[Caption-style text data]
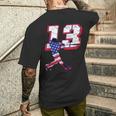マックスマンシーフラッグのシルエットゲームデー メンズTシャツ バックプリント 彼への贈り物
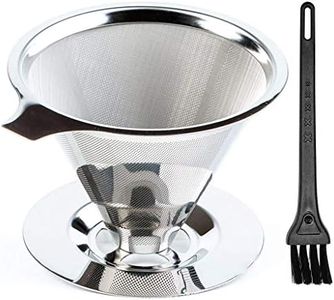 HASTHIP® Pour Over Coffee Dripper-Stainless Steel Reusable Drip Cone Coffee Filter-Paperless Metal Fine Mesh Strainer Coffee Brewer-Coffee Maker 1-6 Cup With Non-slip Cup Stand and Cleaning Brush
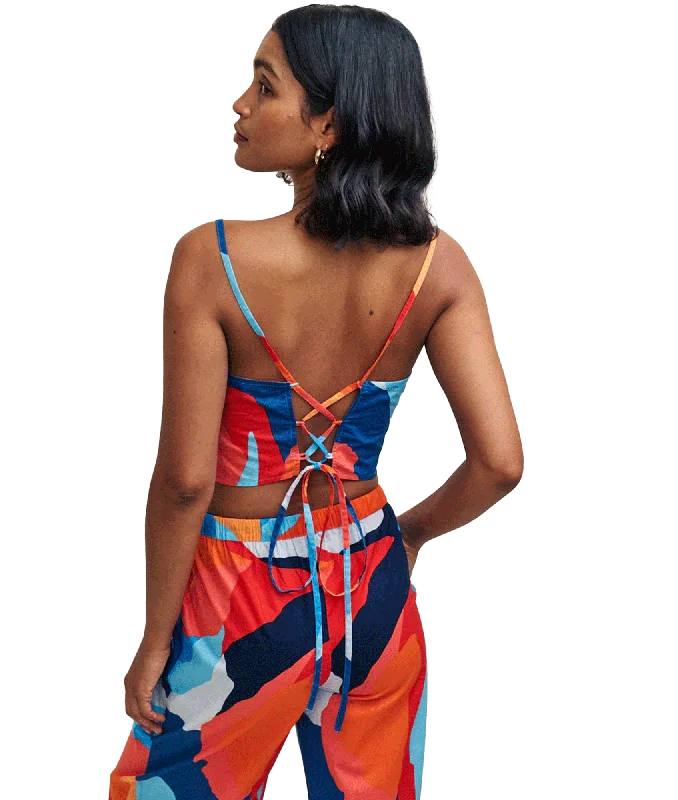 Abstract Print Tie Back Cami Top - Multi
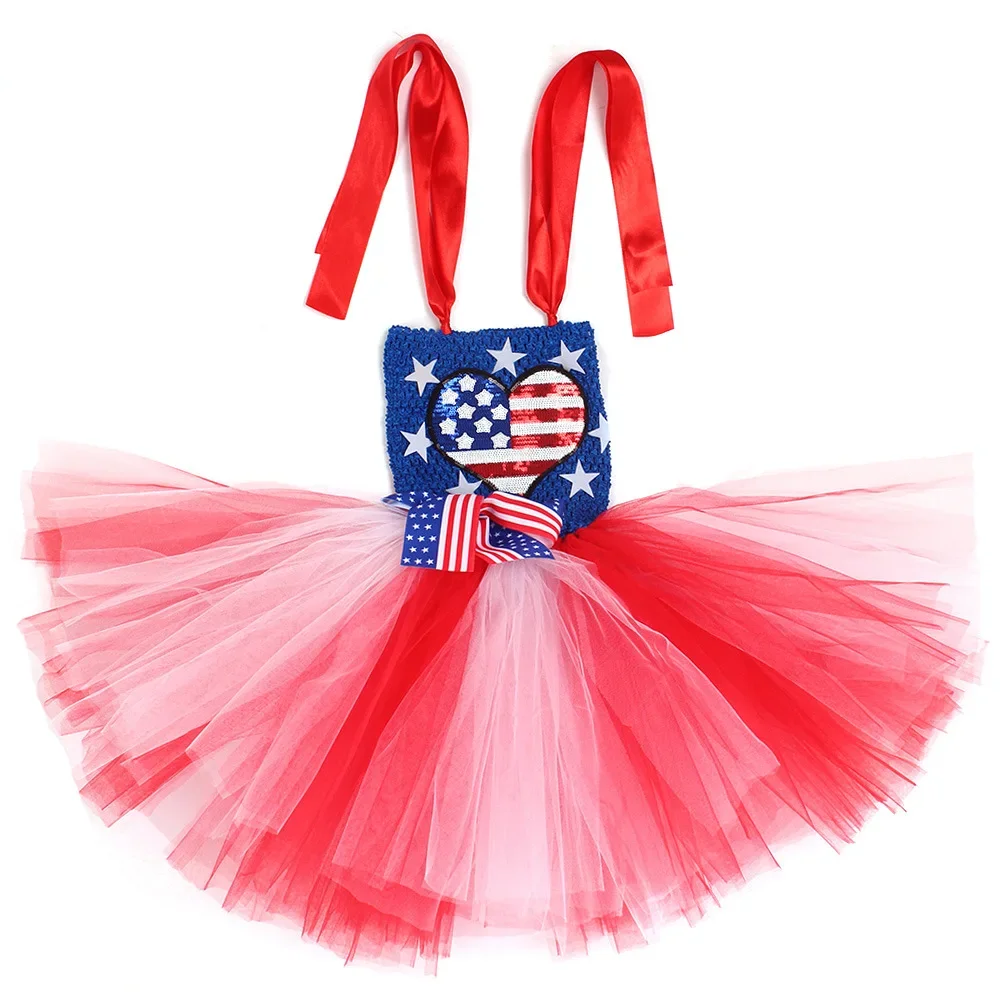 Cosplay American Independence Day Girls Elegant Dresses Stage Performance Cute Tulle Skirt Children Halloween Party Costume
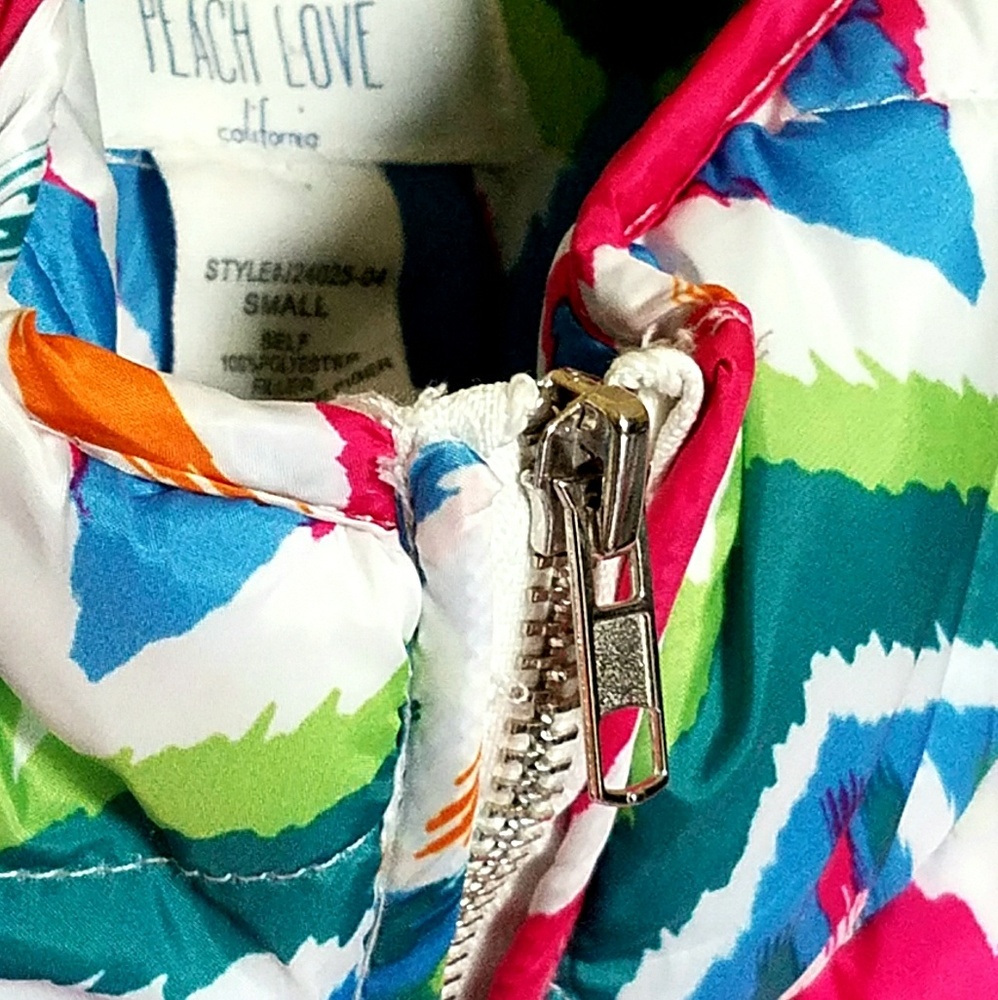 Multi-Colored Puffer Zip Vest Small - image 7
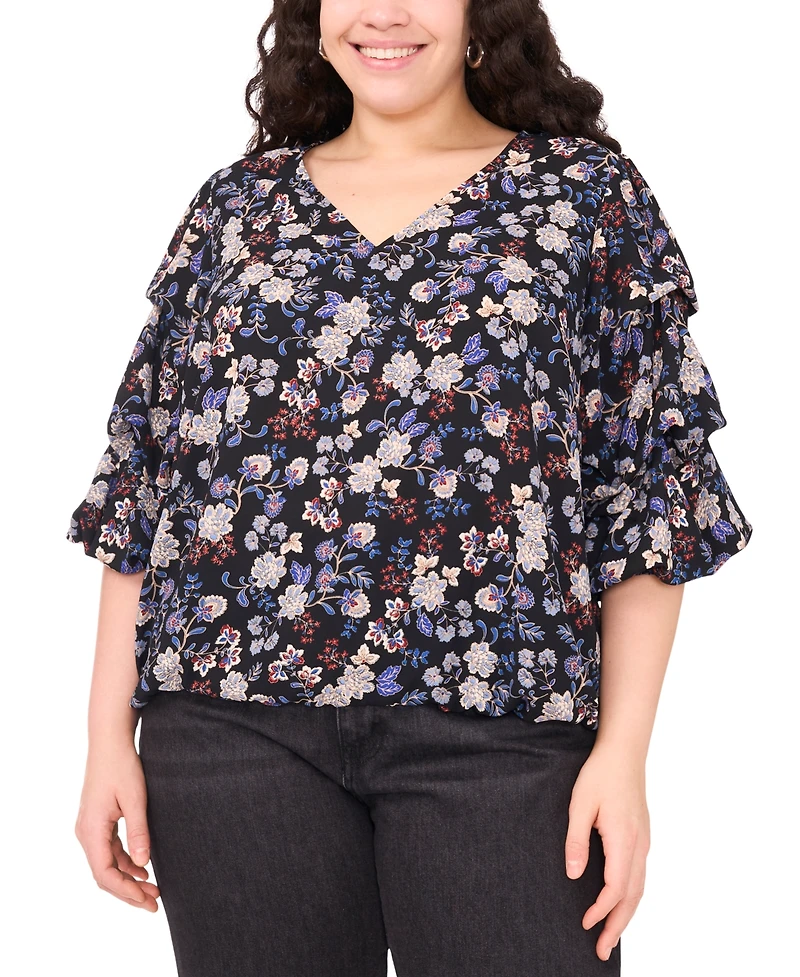 Vince Camuto Women's Plus Printed V-Neck Bubble Sleeve Top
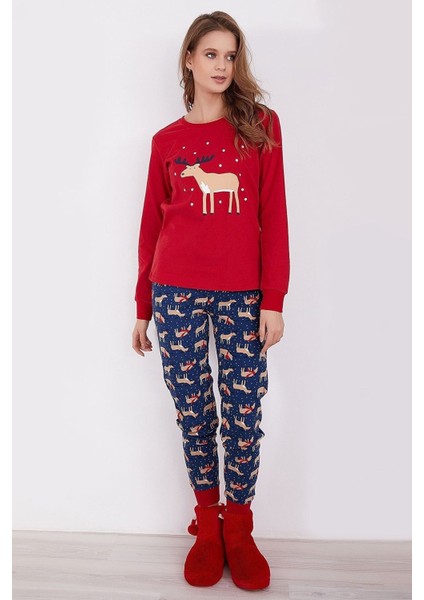Deer Kırmızı Kadın Uzun Kol Pijama Takım indirimleri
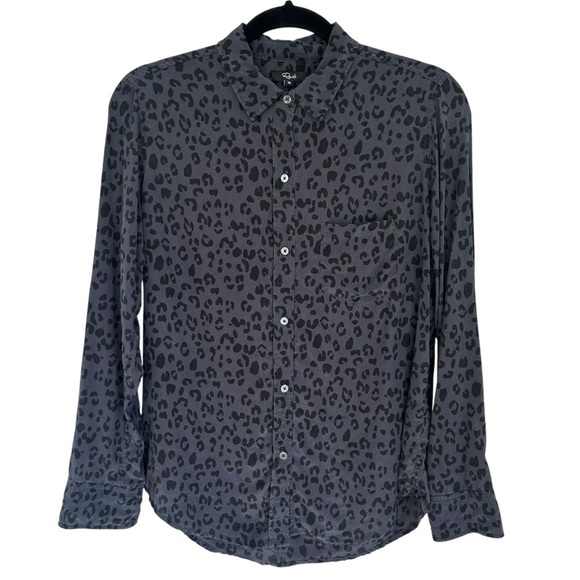 RAILS Kate Onyx Cheetah Silk Button Down Animal Print Shirt Women's Size XS - Picture 2 of 9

- **Problem to solve**
Skip the pictures and quote each line of the entries above, from the first through the line with "Multi-Colored Puffer Zip", exactly as it appears.

- **Response below**
マックスマンシーフラッグのシルエットゲームデー メンズTシャツ バックプリント 彼への贈り物
 HASTHIP® Pour Over Coffee Dripper-Stainless Steel Reusable Drip Cone Coffee Filter-Paperless Metal Fine Mesh Strainer Coffee Brewer-Coffee Maker 1-6 Cup With Non-slip Cup Stand and Cleaning Brush
 Abstract Print Tie Back Cami Top - Multi
 Cosplay American Independence Day Girls Elegant Dresses Stage Performance Cute Tulle Skirt Children Halloween Party Costume
 Multi-Colored Puffer Zip Vest Small - image 7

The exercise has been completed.